** PROVIDED ENTRIES follows **

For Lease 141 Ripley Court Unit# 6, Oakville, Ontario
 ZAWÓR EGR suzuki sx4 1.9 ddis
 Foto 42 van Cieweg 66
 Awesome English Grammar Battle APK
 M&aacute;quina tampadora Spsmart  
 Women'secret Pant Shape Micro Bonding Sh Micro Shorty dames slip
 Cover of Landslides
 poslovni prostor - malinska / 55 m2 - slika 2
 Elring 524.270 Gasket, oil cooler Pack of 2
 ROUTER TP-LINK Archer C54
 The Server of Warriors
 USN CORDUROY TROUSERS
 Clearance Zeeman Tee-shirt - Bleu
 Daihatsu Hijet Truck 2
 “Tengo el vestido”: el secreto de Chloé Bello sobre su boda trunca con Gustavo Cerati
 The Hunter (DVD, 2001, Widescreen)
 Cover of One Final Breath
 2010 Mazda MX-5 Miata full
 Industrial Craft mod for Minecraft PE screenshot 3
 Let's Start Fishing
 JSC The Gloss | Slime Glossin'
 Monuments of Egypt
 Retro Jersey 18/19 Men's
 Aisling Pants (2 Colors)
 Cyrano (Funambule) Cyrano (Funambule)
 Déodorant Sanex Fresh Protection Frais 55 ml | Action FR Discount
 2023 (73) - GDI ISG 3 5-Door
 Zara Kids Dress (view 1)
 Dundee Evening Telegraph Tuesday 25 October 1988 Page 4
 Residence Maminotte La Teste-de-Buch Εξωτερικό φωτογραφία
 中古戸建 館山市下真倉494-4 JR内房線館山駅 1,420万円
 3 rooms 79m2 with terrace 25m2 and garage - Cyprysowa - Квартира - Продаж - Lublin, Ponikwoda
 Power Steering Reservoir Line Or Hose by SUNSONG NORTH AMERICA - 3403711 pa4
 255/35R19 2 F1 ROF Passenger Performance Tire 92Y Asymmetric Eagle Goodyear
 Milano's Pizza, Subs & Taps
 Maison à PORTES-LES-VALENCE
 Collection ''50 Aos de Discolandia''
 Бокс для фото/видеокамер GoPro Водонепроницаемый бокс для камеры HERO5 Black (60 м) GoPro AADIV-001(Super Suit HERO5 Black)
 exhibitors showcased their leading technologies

** End of PROVIDED ENTRIES **

TASK —
The answer must be the lines from the one containing "中古戸建 館山市下真倉494-4 JR内房線館山駅 1,420万円" through the last line of the records, copied exactly, with nothing else.

SOLUTION TO THIS EXERCISE —
 中古戸建 館山市下真倉494-4 JR内房線館山駅 1,420万円
 3 rooms 79m2 with terrace 25m2 and garage - Cyprysowa - Квартира - Продаж - Lublin, Ponikwoda
 Power Steering Reservoir Line Or Hose by SUNSONG NORTH AMERICA - 3403711 pa4
 255/35R19 2 F1 ROF Passenger Performance Tire 92Y Asymmetric Eagle Goodyear
 Milano's Pizza, Subs & Taps
 Maison à PORTES-LES-VALENCE
 Collection ''50 Aos de Discolandia''
 Бокс для фото/видеокамер GoPro Водонепроницаемый бокс для камеры HERO5 Black (60 м) GoPro AADIV-001(Super Suit HERO5 Black)
 exhibitors showcased their leading technologies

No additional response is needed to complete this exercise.